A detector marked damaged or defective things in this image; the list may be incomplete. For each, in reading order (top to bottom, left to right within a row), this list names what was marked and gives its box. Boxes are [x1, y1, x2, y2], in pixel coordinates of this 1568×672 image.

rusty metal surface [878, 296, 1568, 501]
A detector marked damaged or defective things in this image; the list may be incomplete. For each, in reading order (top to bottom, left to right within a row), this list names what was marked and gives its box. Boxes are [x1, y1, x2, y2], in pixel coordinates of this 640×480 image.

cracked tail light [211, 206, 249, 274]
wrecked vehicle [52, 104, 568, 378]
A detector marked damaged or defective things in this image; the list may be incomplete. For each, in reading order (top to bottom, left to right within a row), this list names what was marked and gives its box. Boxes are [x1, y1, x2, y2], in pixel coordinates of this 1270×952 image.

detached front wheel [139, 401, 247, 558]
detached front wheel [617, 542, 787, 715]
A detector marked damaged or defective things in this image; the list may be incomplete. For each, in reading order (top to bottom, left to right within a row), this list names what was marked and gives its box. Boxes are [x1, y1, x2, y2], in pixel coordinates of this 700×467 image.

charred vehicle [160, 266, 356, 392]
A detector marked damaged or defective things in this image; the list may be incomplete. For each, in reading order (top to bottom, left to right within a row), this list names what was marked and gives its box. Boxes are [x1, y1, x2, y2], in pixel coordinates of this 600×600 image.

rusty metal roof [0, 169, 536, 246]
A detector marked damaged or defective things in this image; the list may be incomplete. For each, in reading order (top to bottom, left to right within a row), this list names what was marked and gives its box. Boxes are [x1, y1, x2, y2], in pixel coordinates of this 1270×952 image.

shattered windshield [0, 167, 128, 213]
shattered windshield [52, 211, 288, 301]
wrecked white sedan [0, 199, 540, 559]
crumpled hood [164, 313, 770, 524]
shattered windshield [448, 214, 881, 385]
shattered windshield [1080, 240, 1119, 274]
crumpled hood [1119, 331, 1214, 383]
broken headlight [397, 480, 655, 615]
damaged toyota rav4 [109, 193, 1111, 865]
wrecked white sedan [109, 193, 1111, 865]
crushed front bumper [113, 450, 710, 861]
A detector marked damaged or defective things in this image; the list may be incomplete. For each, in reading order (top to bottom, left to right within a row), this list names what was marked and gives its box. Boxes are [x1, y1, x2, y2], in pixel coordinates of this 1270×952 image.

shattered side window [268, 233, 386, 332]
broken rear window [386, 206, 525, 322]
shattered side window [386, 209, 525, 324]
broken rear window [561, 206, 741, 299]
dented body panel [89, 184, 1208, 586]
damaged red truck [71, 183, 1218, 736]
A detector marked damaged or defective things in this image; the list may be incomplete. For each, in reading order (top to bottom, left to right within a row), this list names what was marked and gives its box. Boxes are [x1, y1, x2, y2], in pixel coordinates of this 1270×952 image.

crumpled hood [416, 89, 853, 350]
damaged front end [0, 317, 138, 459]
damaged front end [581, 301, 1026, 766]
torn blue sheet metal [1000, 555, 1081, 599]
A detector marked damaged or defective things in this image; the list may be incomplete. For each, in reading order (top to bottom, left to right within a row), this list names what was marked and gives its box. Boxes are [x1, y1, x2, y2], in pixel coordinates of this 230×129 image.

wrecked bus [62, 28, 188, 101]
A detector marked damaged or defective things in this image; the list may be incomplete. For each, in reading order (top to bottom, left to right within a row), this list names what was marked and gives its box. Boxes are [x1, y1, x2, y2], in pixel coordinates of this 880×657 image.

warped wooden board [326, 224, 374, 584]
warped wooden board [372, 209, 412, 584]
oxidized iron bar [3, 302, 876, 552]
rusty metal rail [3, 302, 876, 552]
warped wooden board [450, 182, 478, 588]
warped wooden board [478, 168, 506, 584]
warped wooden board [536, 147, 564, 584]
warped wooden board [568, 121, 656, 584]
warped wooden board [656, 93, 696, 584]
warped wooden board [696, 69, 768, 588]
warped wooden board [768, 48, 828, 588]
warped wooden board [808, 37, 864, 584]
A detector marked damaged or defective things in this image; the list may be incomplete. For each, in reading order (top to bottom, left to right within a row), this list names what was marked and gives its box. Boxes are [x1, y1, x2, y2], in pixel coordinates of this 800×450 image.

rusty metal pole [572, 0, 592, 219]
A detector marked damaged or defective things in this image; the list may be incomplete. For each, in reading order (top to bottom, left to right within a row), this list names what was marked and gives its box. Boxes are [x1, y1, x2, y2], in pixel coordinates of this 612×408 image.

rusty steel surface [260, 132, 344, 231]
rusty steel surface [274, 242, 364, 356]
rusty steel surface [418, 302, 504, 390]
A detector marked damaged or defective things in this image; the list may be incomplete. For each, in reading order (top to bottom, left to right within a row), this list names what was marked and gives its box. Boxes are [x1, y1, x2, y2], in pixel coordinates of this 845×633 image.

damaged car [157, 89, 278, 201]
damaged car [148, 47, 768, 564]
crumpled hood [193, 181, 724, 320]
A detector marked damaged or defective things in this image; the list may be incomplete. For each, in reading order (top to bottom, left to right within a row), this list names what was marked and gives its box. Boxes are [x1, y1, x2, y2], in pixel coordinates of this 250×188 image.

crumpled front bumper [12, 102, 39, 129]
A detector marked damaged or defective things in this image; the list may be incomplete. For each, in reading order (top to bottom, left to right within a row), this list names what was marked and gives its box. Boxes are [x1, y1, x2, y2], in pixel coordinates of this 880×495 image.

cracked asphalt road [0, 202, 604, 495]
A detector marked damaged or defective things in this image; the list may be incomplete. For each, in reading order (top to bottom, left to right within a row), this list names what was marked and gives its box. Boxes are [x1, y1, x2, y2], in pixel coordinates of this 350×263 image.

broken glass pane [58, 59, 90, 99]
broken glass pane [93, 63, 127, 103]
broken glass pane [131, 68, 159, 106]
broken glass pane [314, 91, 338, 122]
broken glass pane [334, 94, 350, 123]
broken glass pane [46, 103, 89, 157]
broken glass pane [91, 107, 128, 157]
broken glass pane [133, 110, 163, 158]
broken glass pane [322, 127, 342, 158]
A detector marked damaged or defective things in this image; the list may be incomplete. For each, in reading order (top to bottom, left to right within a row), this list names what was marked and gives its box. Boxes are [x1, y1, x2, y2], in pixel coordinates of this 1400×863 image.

WHAT YOU SHOULD DO: In the listing above, the lines from the one containing "this 845×633 image." through the last line are to be returned exactly.

SOLUTION TO THE EXERCISE:
A detector marked damaged or defective things in this image; the list may be incomplete. For each, in reading order (top to bottom, left to right within a row), this list names what was marked and gives its box. Boxes are [x1, y1, x2, y2], in pixel coordinates of this 845×633 image.

damaged car [157, 89, 278, 201]
damaged car [148, 47, 768, 564]
crumpled hood [193, 181, 724, 320]
A detector marked damaged or defective things in this image; the list may be incomplete. For each, in reading order (top to bottom, left to right within a row), this list names what was marked and gives its box. Boxes are [x1, y1, x2, y2], in pixel coordinates of this 250×188 image.

crumpled front bumper [12, 102, 39, 129]
A detector marked damaged or defective things in this image; the list may be incomplete. For each, in reading order (top to bottom, left to right within a row), this list names what was marked and gives its box. Boxes are [x1, y1, x2, y2], in pixel coordinates of this 880×495 image.

cracked asphalt road [0, 202, 604, 495]
A detector marked damaged or defective things in this image; the list may be incomplete. For each, in reading order (top to bottom, left to right within a row), this list names what was marked and gives its box. Boxes are [x1, y1, x2, y2], in pixel coordinates of this 350×263 image.

broken glass pane [58, 59, 90, 99]
broken glass pane [93, 63, 127, 103]
broken glass pane [131, 68, 159, 106]
broken glass pane [314, 91, 338, 122]
broken glass pane [334, 94, 350, 123]
broken glass pane [46, 103, 89, 157]
broken glass pane [91, 107, 128, 157]
broken glass pane [133, 110, 163, 158]
broken glass pane [322, 127, 342, 158]
A detector marked damaged or defective things in this image; the list may be incomplete. For each, in reading order (top to bottom, left to right within a row), this list names what was marked and gives its box. Boxes are [x1, y1, x2, y2], in pixel coordinates of this 1400×863 image.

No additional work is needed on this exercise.